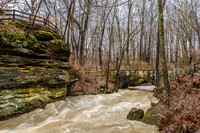 Plum Creek_February 07, 2017_9722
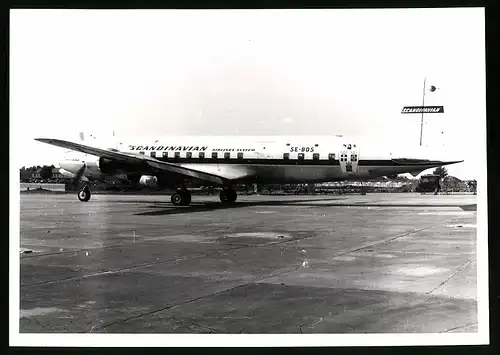 Fotografie Flugzeug Douglas DC-6, Passagierflugzeug der SAS, Kennung SE-BDS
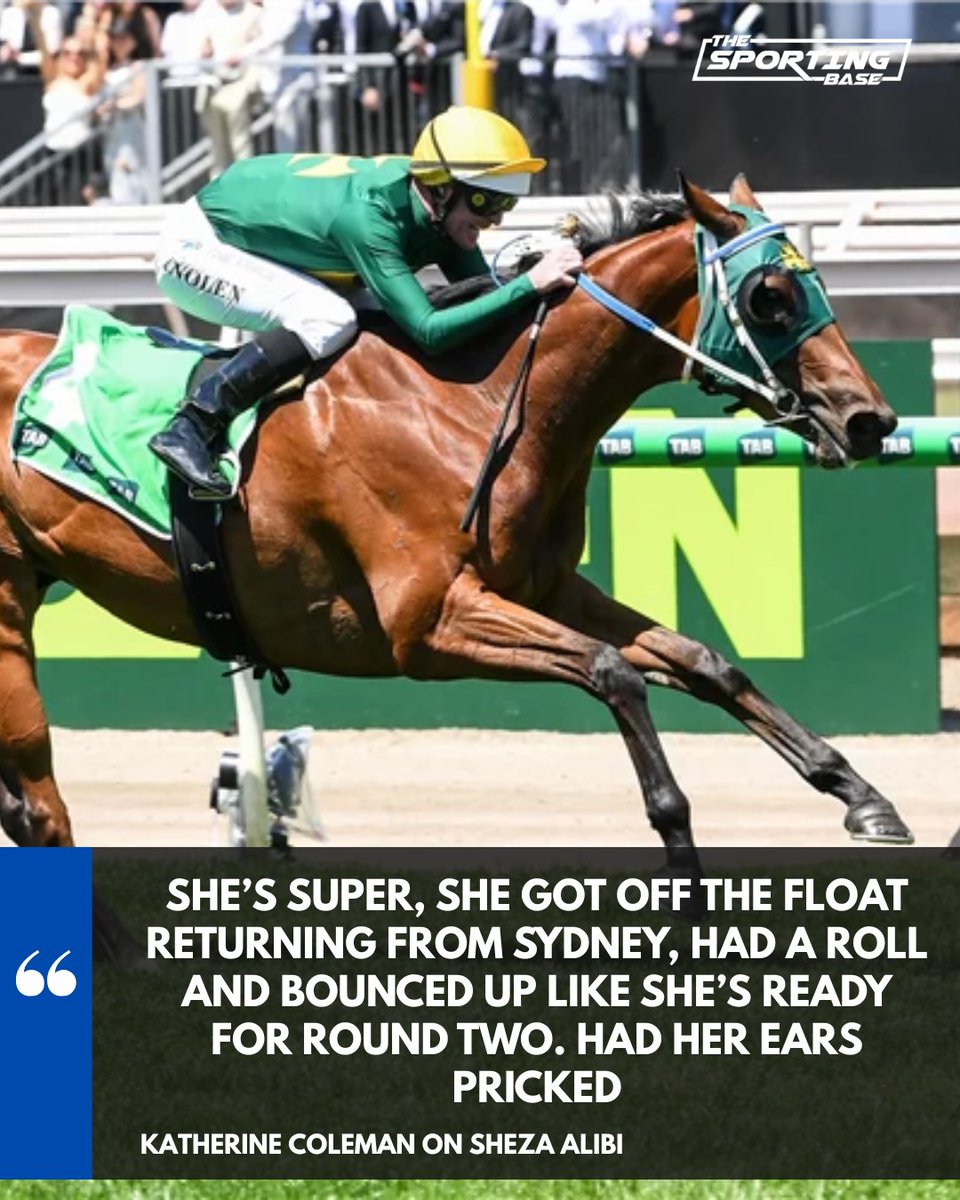 The Sporting Base - Horse Racing tweet media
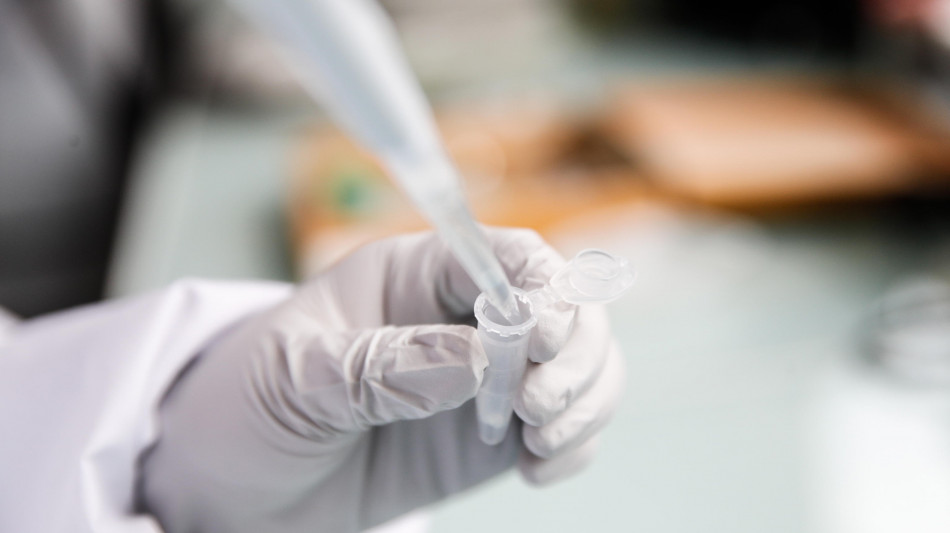  Ozonoterapia associata all'antibiotico efficace contro i batteri resistenti 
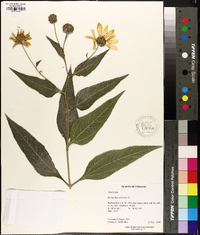 Helianthus tuberosus image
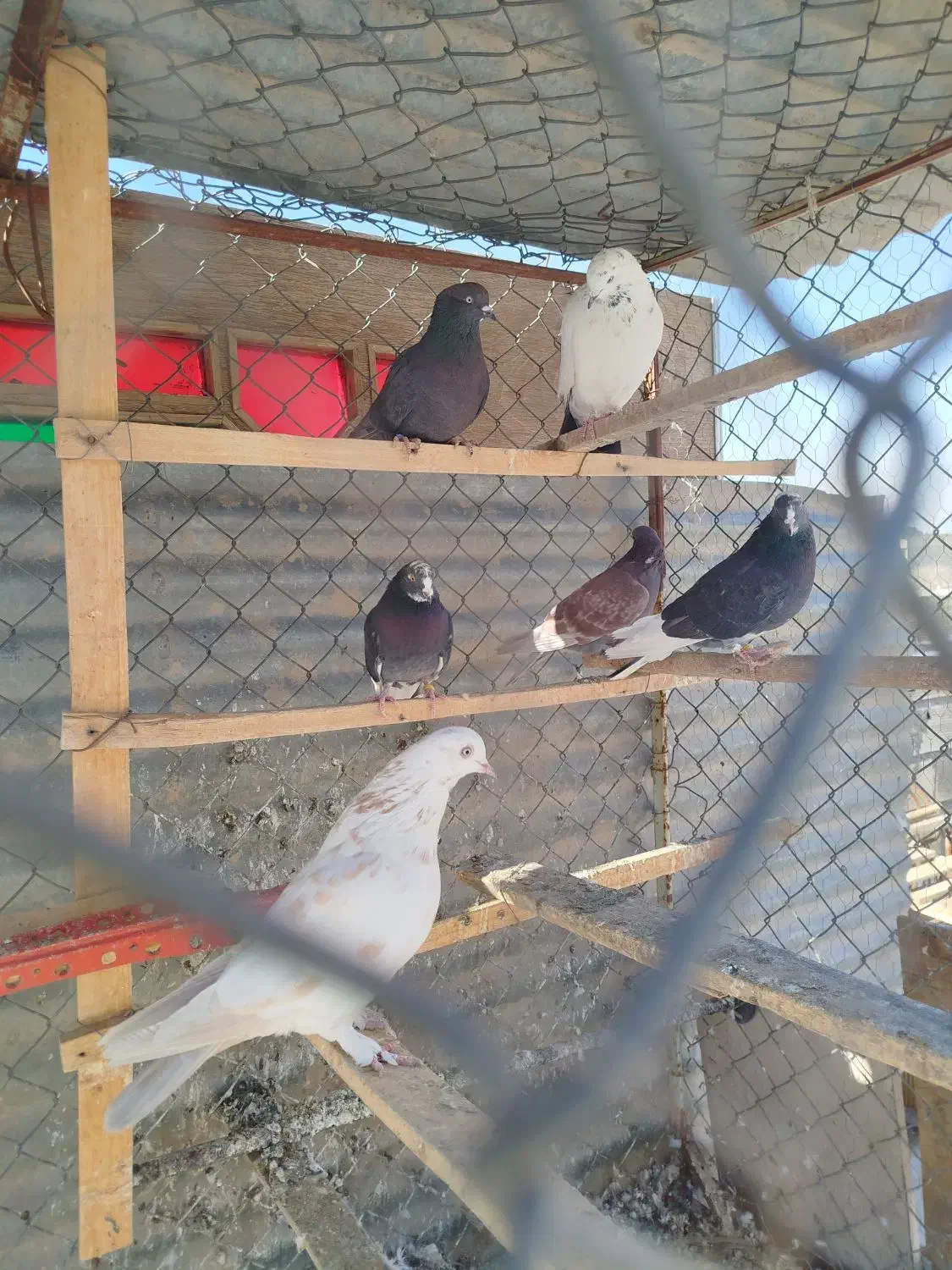 کبوتر|پرنده|ابریشم, |دیوار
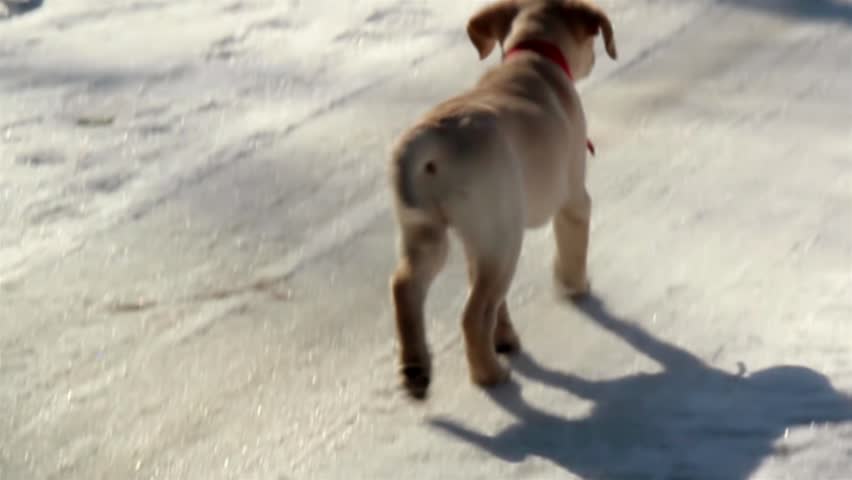 golden retriever puppy walking distance labrador puppy slowly walking away then turns its back then runs vigorously back at golden retriever puppy walking distance labrador puppy slowly walking away then turns its back then runs vigorously back at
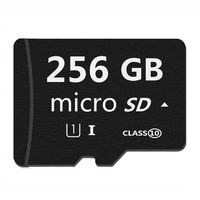 Micro Mini SD Card 256GB, XSSRUN Small Memory Card for Micro Mini SD/XC/HC Class 10 UHS-I High Speed Memory Card for Phone,Tablet and PCs - with Free Adapter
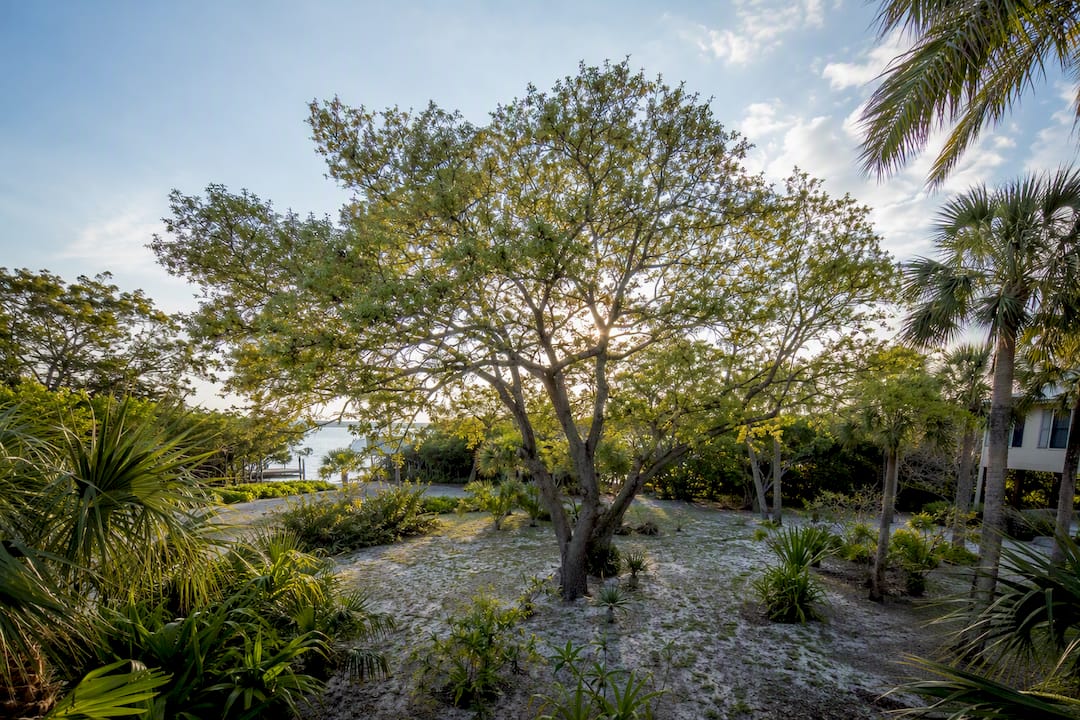 Wild tamarind tree in coastal Florida yard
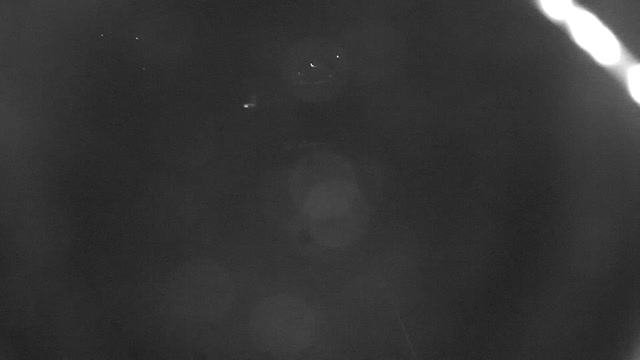 Webcam - Paseky nad Jizerou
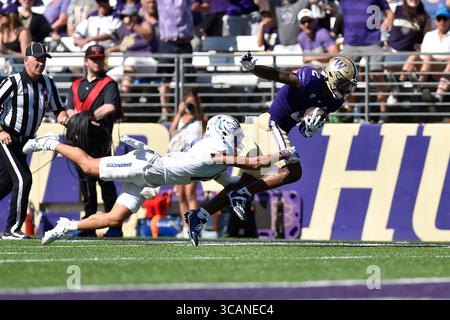 2. September 2023: Washington Huskies Wide Receiver Ja'Lynn Polk (2) holt einige Meter nach dem Fang während des NCAA-Fußballspiels zwischen den Boise State Broncos und Washington Huskies im Husky Stadium in Seattle, WA. Washington besiegte Boise State mit 56:19. Steve Faber/CSM (Foto: © Steve Faber/CSM via ZUMA Press Wire) Stockfoto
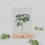 Ensemble de 9 cartes d'herbes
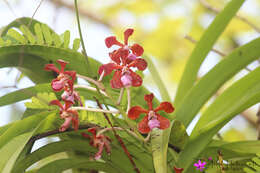 Imagem de Vanda perplexa Motes & D. L. Roberts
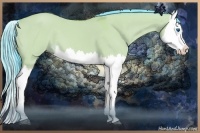 Horse Color:Watercolor Bay Dun Splash 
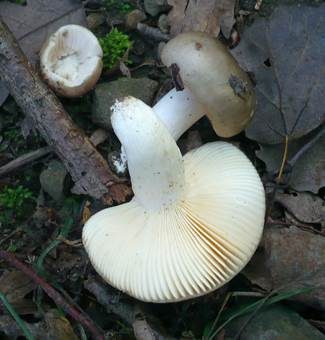 Ockersporiger Speisetäubling, Foto 2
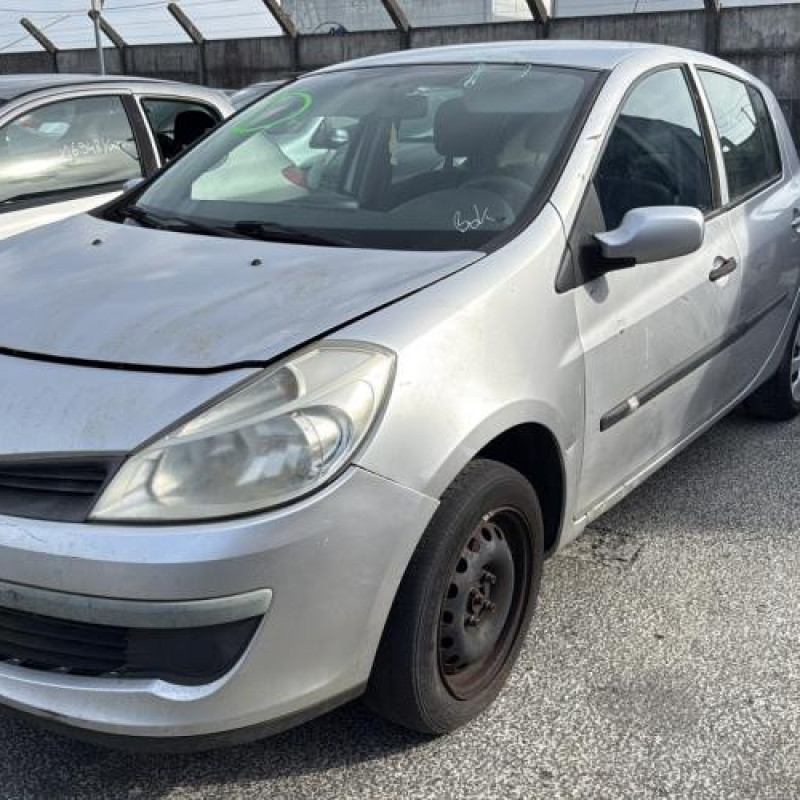 Porte avant droit RENAULT CLIO 3 Photo n°8
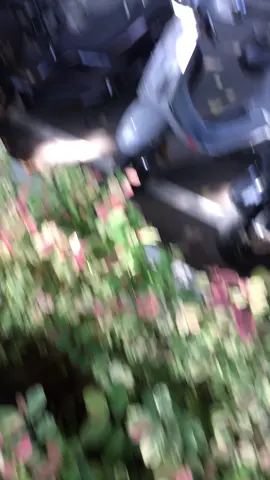 😎 #rollsroyce #carspotting #carsoftiktok 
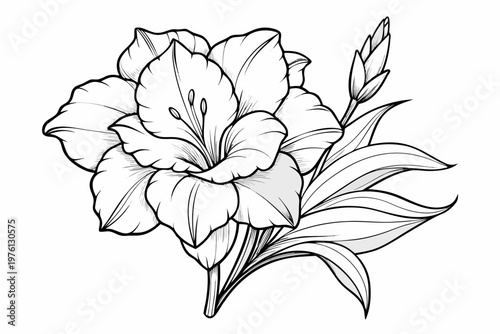 coloring page  line art the gladiolus flower black vector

= = = =

> **Exercise goal**
Working from the listing above, retype it exactly but include no images.

> **Solution to this problem**
 Plum Creek_February 07, 2017_9722
 Fotografie Flugzeug Douglas DC-6, Passagierflugzeug der SAS, Kennung SE-BDS
 The Sporting Base - Horse Racing tweet media
  Ozonoterapia associata all'antibiotico efficace contro i batteri resistenti 
 Helianthus tuberosus image
 کبوتر|پرنده|ابریشم, |دیوار
 golden retriever puppy walking distance labrador puppy slowly walking away then turns its back then runs vigorously back at golden retriever puppy walking distance labrador puppy slowly walking away then turns its back then runs vigorously back at
 Micro Mini SD Card 256GB, XSSRUN Small Memory Card for Micro Mini SD/XC/HC Class 10 UHS-I High Speed Memory Card for Phone,Tablet and PCs - with Free Adapter
 Wild tamarind tree in coastal Florida yard
 Webcam - Paseky nad Jizerou
 2. September 2023: Washington Huskies Wide Receiver Ja'Lynn Polk (2) holt einige Meter nach dem Fang während des NCAA-Fußballspiels zwischen den Boise State Broncos und Washington Huskies im Husky Stadium in Seattle, WA. Washington besiegte Boise State mit 56:19. Steve Faber/CSM (Foto: © Steve Faber/CSM via ZUMA Press Wire) Stockfoto
 Ensemble de 9 cartes d'herbes
 Imagem de Vanda perplexa Motes & D. L. Roberts
 Horse Color:Watercolor Bay Dun Splash 
 Ockersporiger Speisetäubling, Foto 2
 Porte avant droit RENAULT CLIO 3 Photo n°8
 😎 #rollsroyce #carspotting #carsoftiktok 
 coloring page  line art the gladiolus flower black vector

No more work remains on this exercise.